The aim of the project is to parse and analyze the bitcoin block-chain in order to retrieve useful information about the transaction between known wallets, using a distributed approach. In this project input and output data are stored inside Hadoop Filesystem (hdfs) and the algorithms computation is managed by the Spark cluster computing system.
Since the bitcoin block-chain is heavily compressed, first we must unwrap all the transaction in a more readable way and after condensing all the addresses belonging to the same entity and build an entity graph.
In order to retrieve all the data needed to compose each transaction it has been used the Hadoop Crypto-Ledger library (LINK), a multi-blockchain parser, that allow to translate the raw-byte data into an object. But this unwrap of the blockchain produce this result:
To recompose each transaction in a more readable way (Input,Output,Amount), it is possible to join two transaction using as key the transaction ID and the transaction index and reconstruct the flow of coins between two wallets in the following way:
So, given a current transaction and a previous one with the backward link of the current pointing to the previous, the resulting unwrapping it’s the following:
We define an entity as a cluster of addresses belonging to the same owner/organization.

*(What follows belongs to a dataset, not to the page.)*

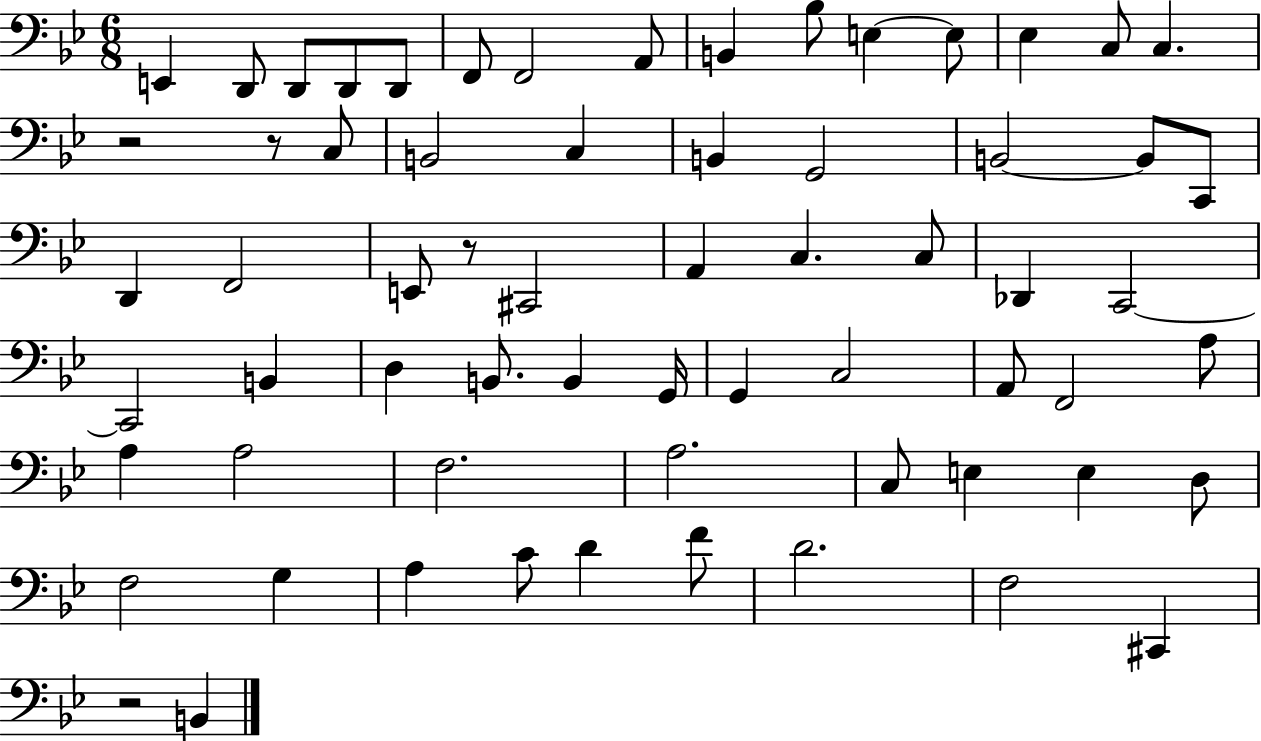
E2/q D2/e D2/e D2/e D2/e F2/e F2/h A2/e B2/q Bb3/e E3/q E3/e Eb3/q C3/e C3/q. R/h R/e C3/e B2/h C3/q B2/q G2/h B2/h B2/e C2/e D2/q F2/h E2/e R/e C#2/h A2/q C3/q. C3/e Db2/q C2/h C2/h B2/q D3/q B2/e. B2/q G2/s G2/q C3/h A2/e F2/h A3/e A3/q A3/h F3/h. A3/h. C3/e E3/q E3/q D3/e F3/h G3/q A3/q C4/e D4/q F4/e D4/h. F3/h C#2/q R/h B2/q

Since a transaction can involve multiple input and multiple output, it’s possible to state that all the inputs belong to the same entity.
This cluster is formed by all the addresses that has been used simultaneously as an input in a transaction.
So, for example an entity is the following:
But this kind of entity results incomplete, since there could be another transaction that involves one of more addresses previously used. It’s clear the concept of partial entity, the inputs address of a single transaction describe a possible subset of all the entity’s addresses.
A complete entity can be defined as the union of the intersection of the partial entities. This kind of clustering results into a recursive intersection between all the inputs of all the transaction, since it’s required to search all the intersections between the other partial entity, and in positive case we merge the two partial entity and start from the beginning again. But this kind of algorithm it’s just to complex to be computed in a feasible time, so we have developed an algorithm that translate the domain into a graph and find all the connected components inside it.
In order to compute the intersection over all the partial entity, we first transform the intersection over the transactions into a graph and then we have applied an optimized version of the connected component algorithm in order to accumulate all the intersection and provide a solution.
First, given all the partial entity we create a new tuple with the following values inside: (address,partialEntity) After we accumulate for each address all the entity in which it is present: (address,List[PartialEntity])
Now we got for each address all the intersection over the partial entities. From this list we create a list of edges that links all the partial entities together. In order to save memory and computational power, the shape of all the subgraphs defined by a partial entity is a chain.
So, given a list of edges it’s possible to run the connected components algorithm over the set of subgraphs.
The result of the connected components algorithm is the following:
Initial Graph | Connected Component Result | Resulting Entity |
---|---|---|
Every entity is the union of a set of partial entity. So, for each cluster, retrieving the content of each partial entity and reassembling together all the addresses we finally find a complete entity.
The result of the previous computation over all the nodes of the block-chain combined with the all the transaction creates a new graph, the entity graph, a useful instrument to track the bitcoin exchanges between entities like bitcoin exchanges, e-commerce stores, cryptocurrency lottery and many other. A possible representation of the computation is the following
Inside the graph the (-1) node indicates all the exchanges that points a new (never-used) bitcoin address.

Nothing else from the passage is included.